Would you print out all of the data exactly and keep the pictures out of it?

====== Input data ======

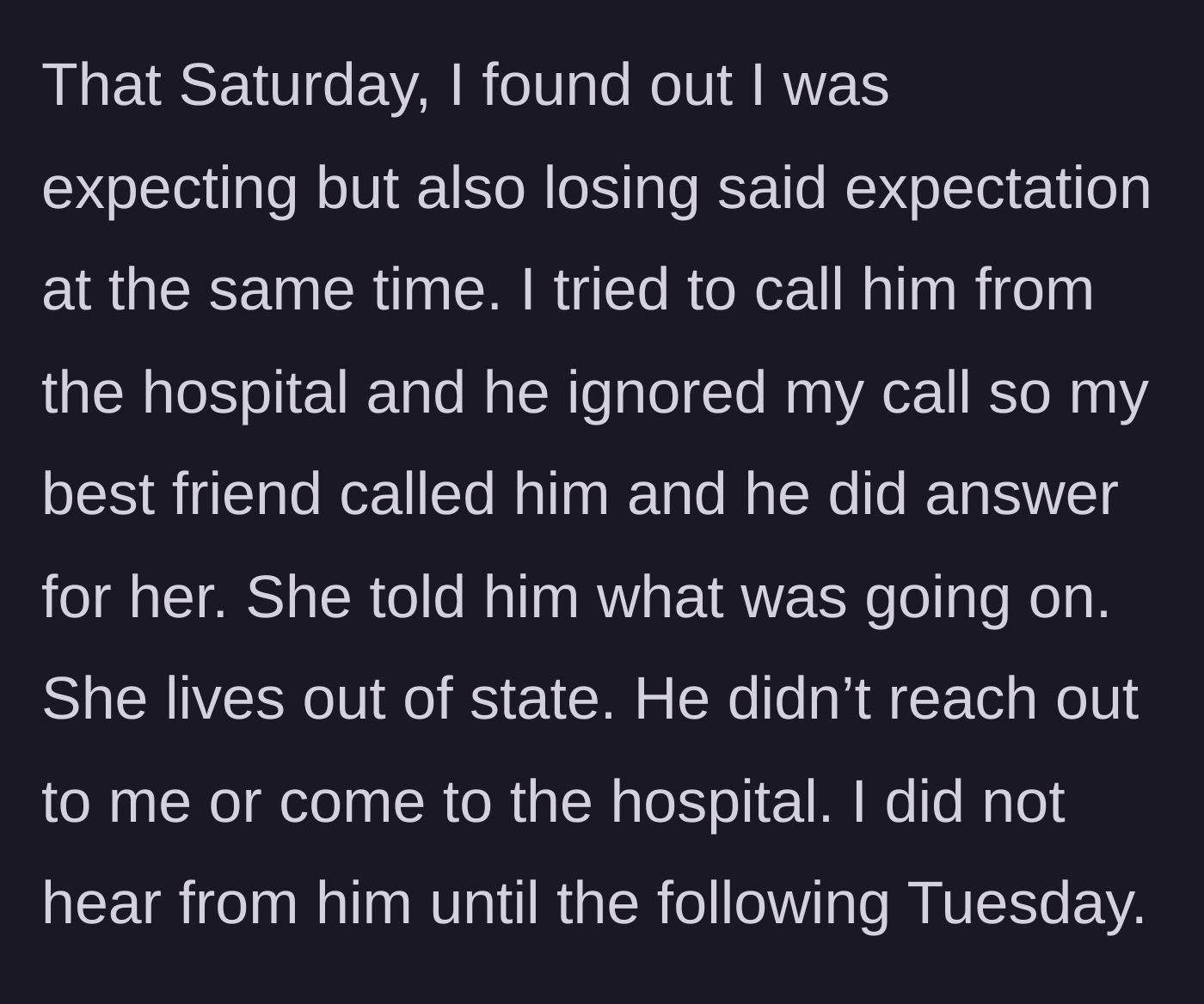 Story part 2 - The woman suffering a miscarriage at the hospital while her boyfriend ignores her emergency calls, only to finally answer a call from her distant friend.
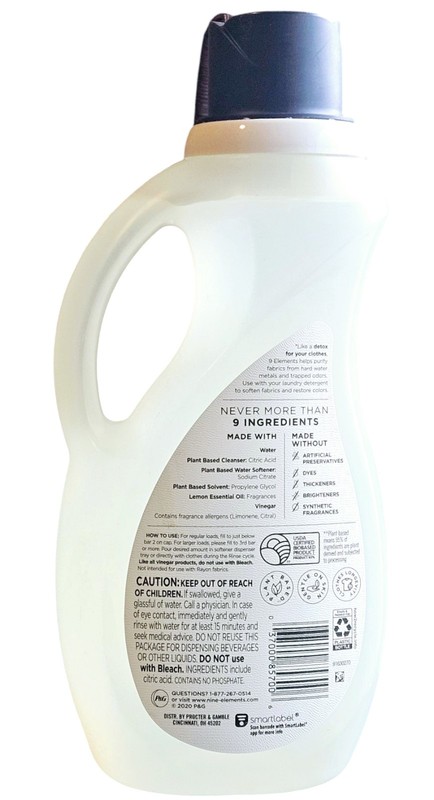9 Elements Laundry Purifying Softener Liquid, Clear, Lemon Scent, 44 Oz gallery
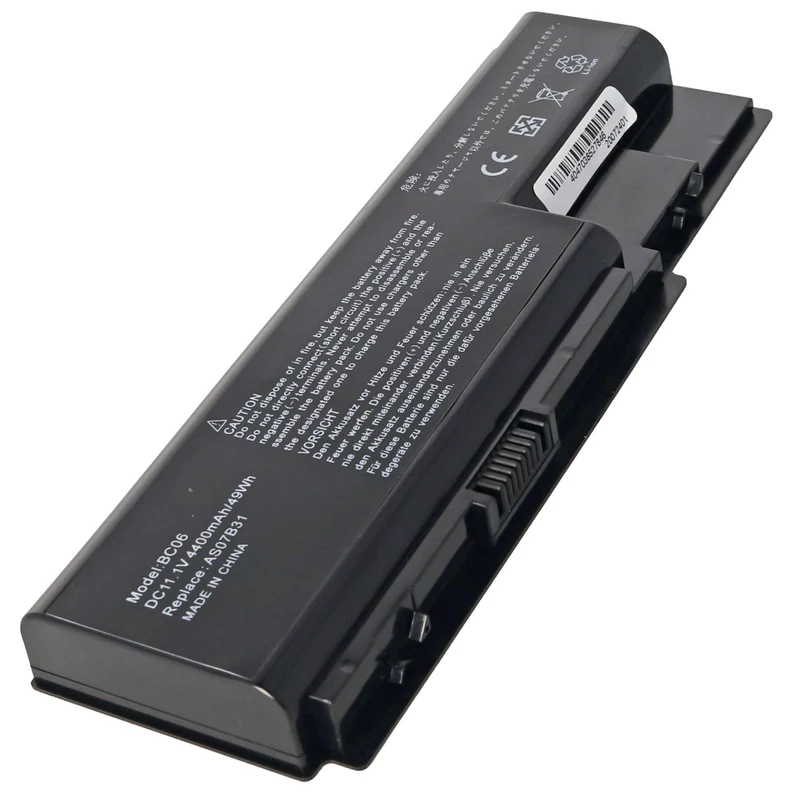 AccuCell Akku passend für ACER Aspire 5310 series, 6530 series, Li-Ion, 11,1V, 4400mAh, 48,8Wh, black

======

* Output for this task:
 Story part 2 - The woman suffering a miscarriage at the hospital while her boyfriend ignores her emergency calls, only to finally answer a call from her distant friend.
9 Elements Laundry Purifying Softener Liquid, Clear, Lemon Scent, 44 Oz gallery
 AccuCell Akku passend für ACER Aspire 5310 series, 6530 series, Li-Ion, 11,1V, 4400mAh, 48,8Wh, black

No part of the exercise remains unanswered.